#### [MATERIAL FOR THE TASK]

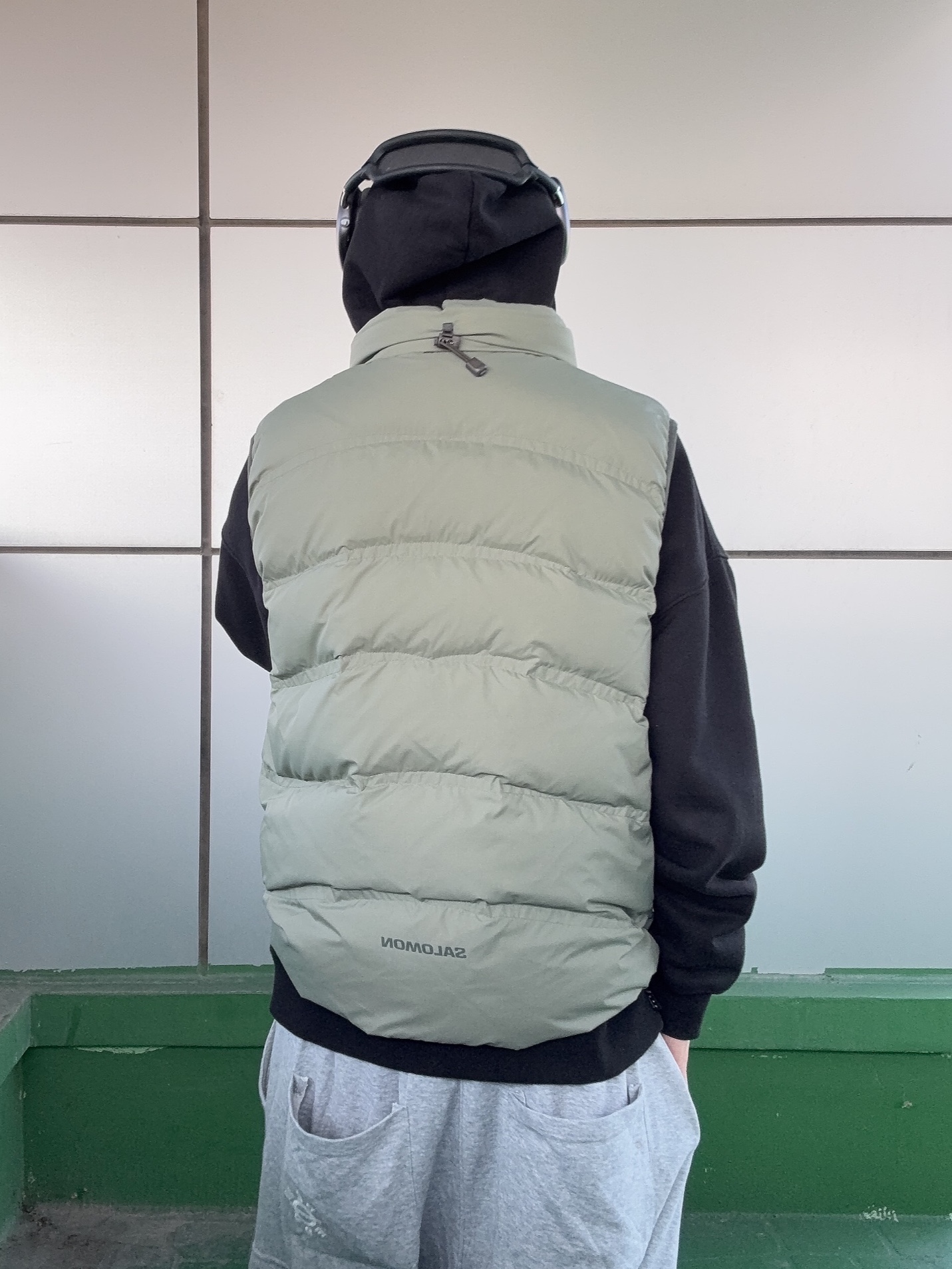Nike Air Force 1 '07 LV8 Varsity White Pine Green, IAB Studio Hoodie Black 착용 스타일 - 6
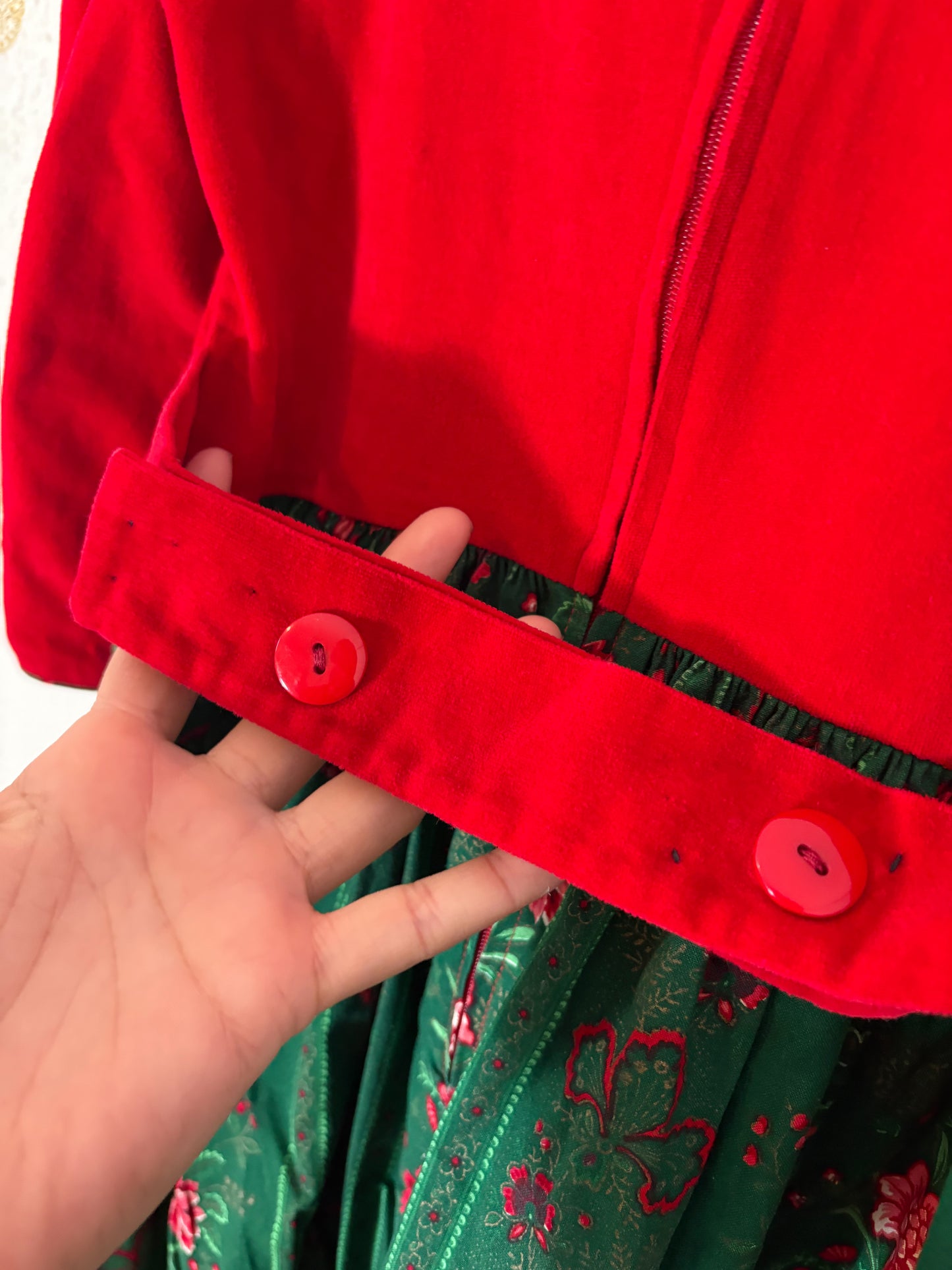 Vintage Ruth of Carolina older girl dress.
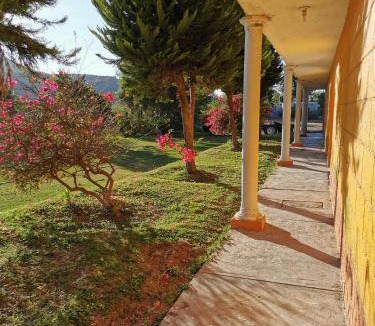 Ixmiquilpan Hotel | 35 m² Hotel ∙ 6 guests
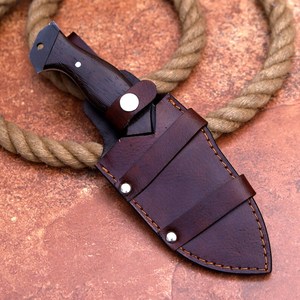 Cuchillo Skinner de Hoja Curva, Hoja de Acero al Carbono, Mango de Madera, Grosor de 0.6mm, Borde Biselado, Funda de Cuero - Product Image 5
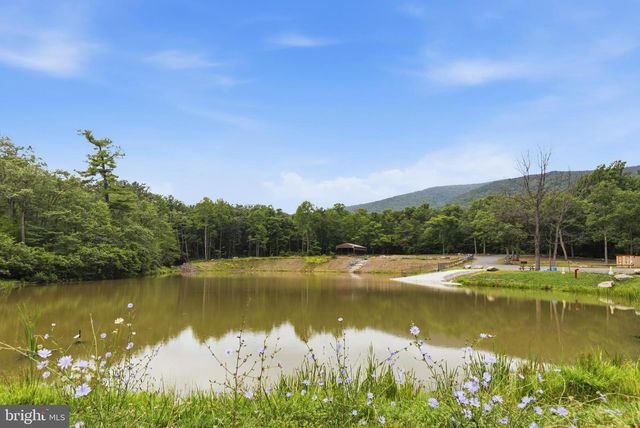 900 ENFIELD DR, Winchester, VA 22602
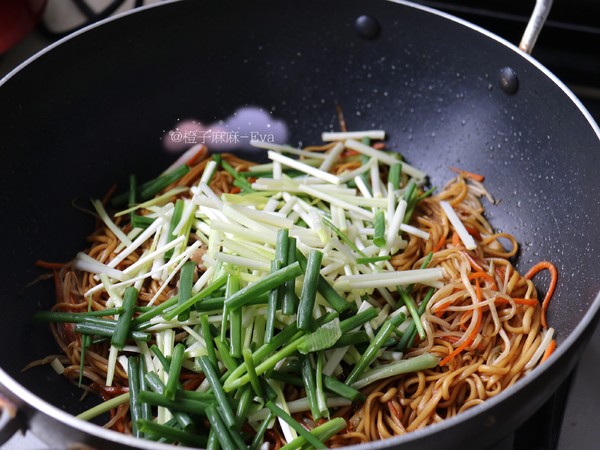 Fried Noodles with Shredded Beef recipe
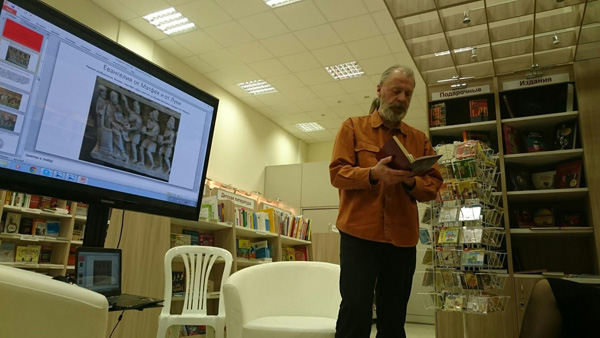 Михаил Кукин на заседании интеллектуального клуба "Культурное дело"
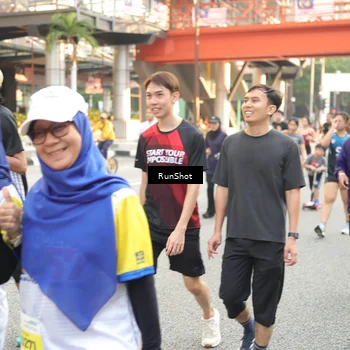 Runner Photo 4689675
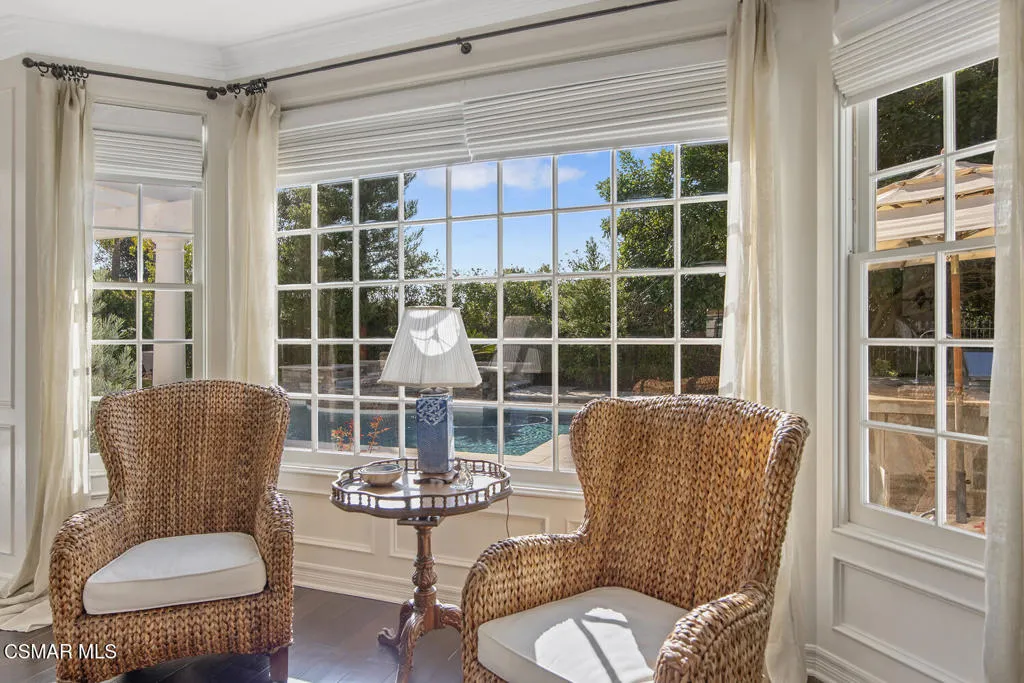 29376 Laro Drive, Agoura Hills, California 91301 home-pic-12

#### [ACTIVITY]
Reproduce the listing word for word and omit its pictures.

#### [WRITTEN SOLUTION]
Nike Air Force 1 '07 LV8 Varsity White Pine Green, IAB Studio Hoodie Black 착용 스타일 - 6
 Vintage Ruth of Carolina older girl dress.
 Ixmiquilpan Hotel | 35 m² Hotel ∙ 6 guests
 Cuchillo Skinner de Hoja Curva, Hoja de Acero al Carbono, Mango de Madera, Grosor de 0.6mm, Borde Biselado, Funda de Cuero - Product Image 5
 900 ENFIELD DR, Winchester, VA 22602
 Fried Noodles with Shredded Beef recipe
 Михаил Кукин на заседании интеллектуального клуба "Культурное дело"
 Runner Photo 4689675
 29376 Laro Drive, Agoura Hills, California 91301 home-pic-12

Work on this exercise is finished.